**What you will do**
Every entry must be given again exactly. Include no pictures.

**Collected data**

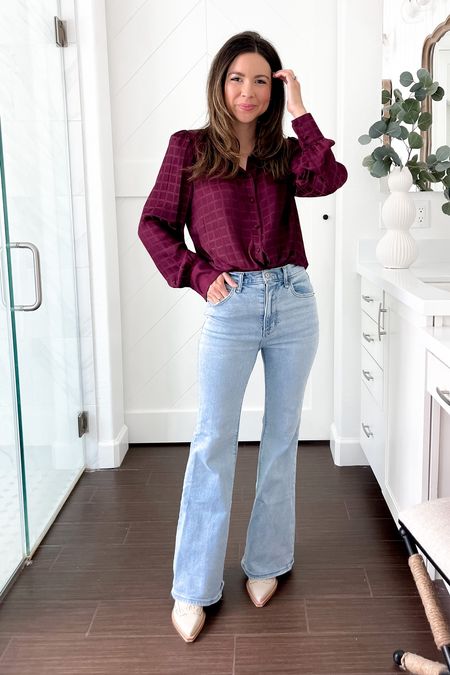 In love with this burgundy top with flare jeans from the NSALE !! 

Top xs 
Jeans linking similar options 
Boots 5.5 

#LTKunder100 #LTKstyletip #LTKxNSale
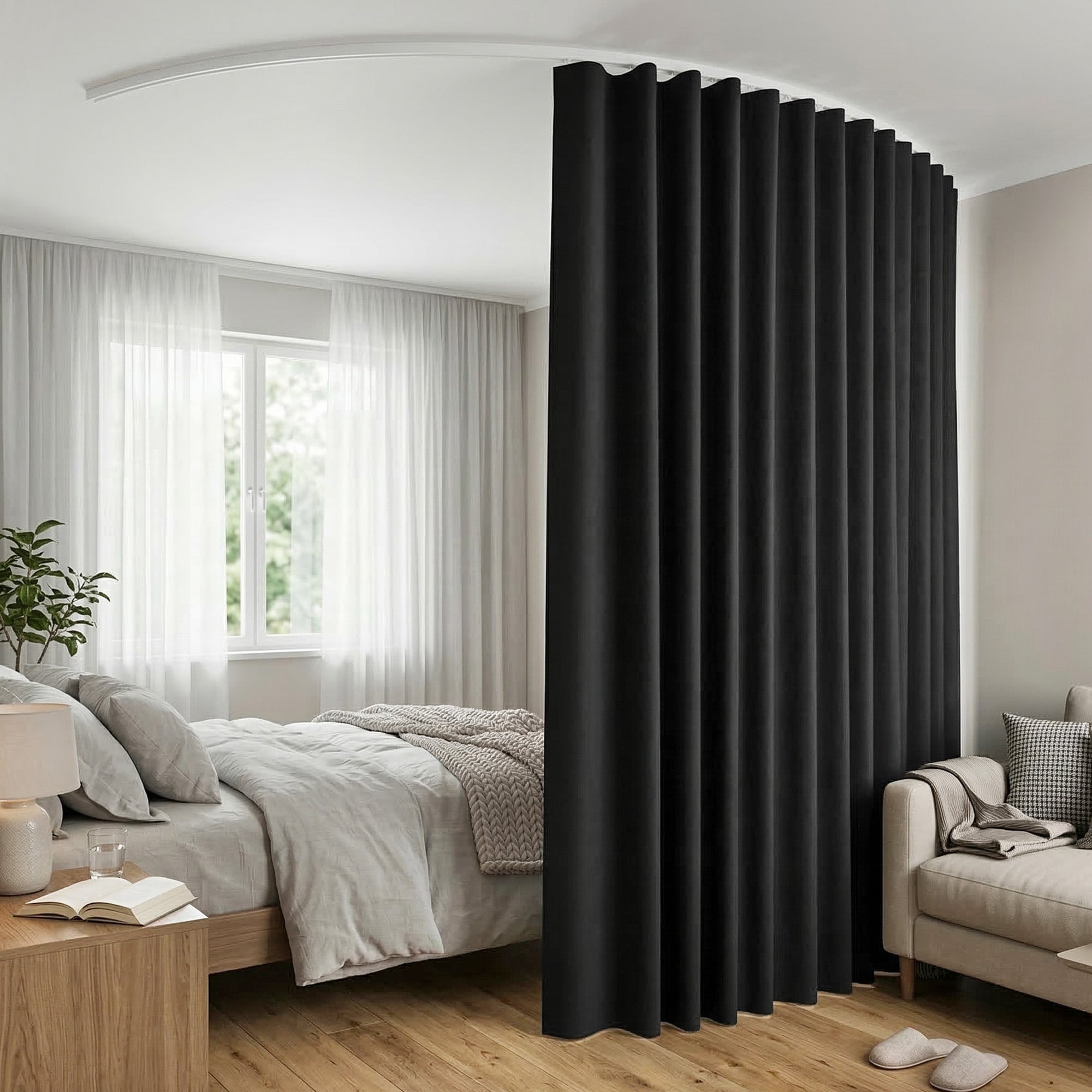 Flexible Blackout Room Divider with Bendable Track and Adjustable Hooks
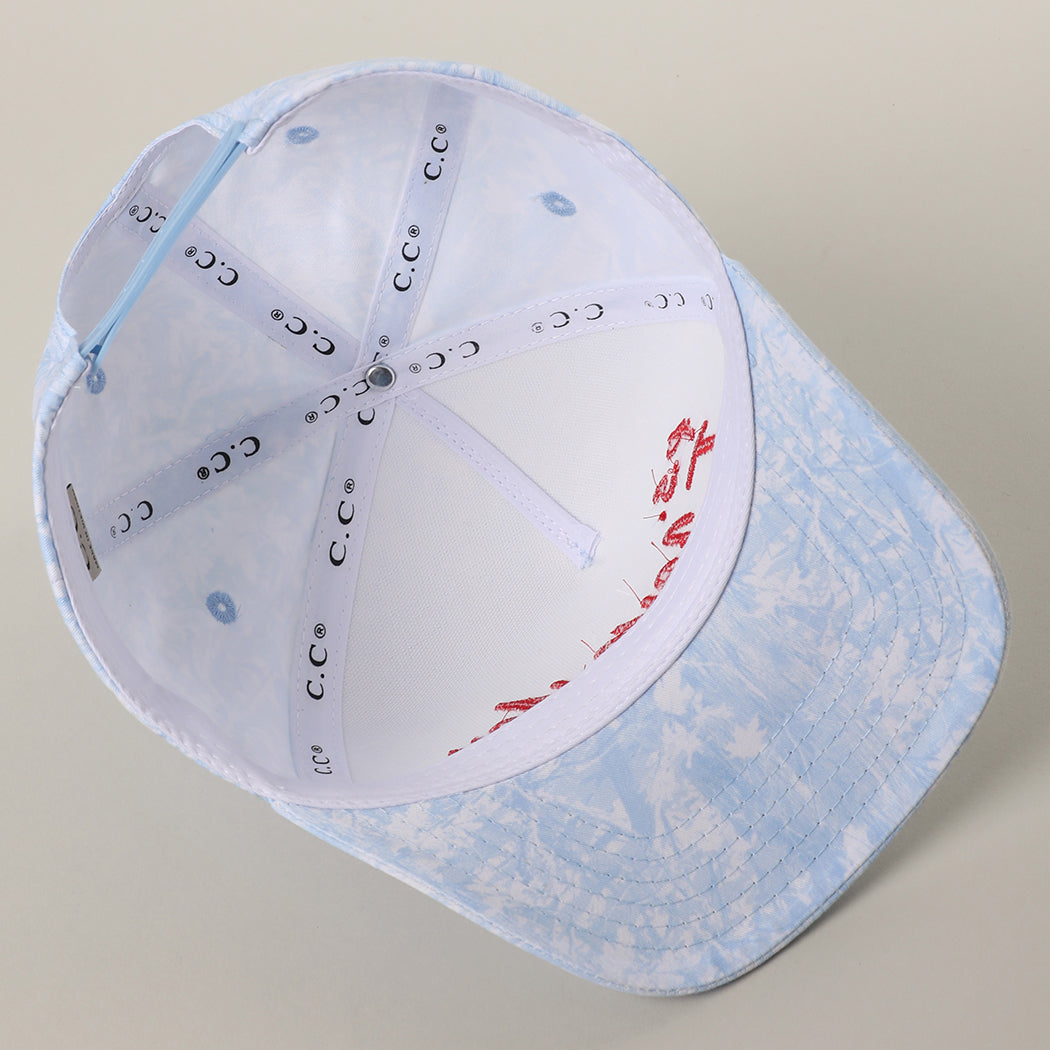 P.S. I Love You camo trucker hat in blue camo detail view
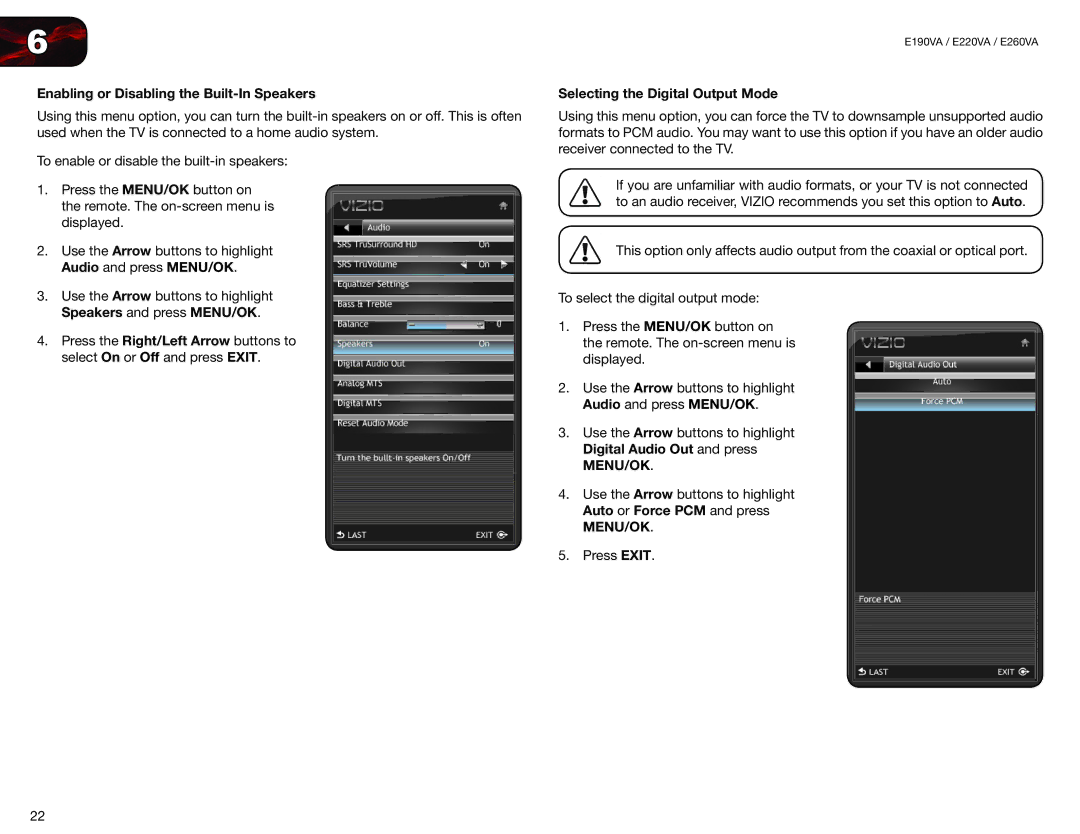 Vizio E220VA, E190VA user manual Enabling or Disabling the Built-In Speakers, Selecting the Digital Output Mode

**Answer box**
 In love with this burgundy top with flare jeans from the NSALE !! 

Top xs 
Jeans linking similar options 
Boots 5.5 

#LTKunder100 #LTKstyletip #LTKxNSale
 Flexible Blackout Room Divider with Bendable Track and Adjustable Hooks
 P.S. I Love You camo trucker hat in blue camo detail view
 Vizio E220VA, E190VA user manual Enabling or Disabling the Built-In Speakers, Selecting the Digital Output Mode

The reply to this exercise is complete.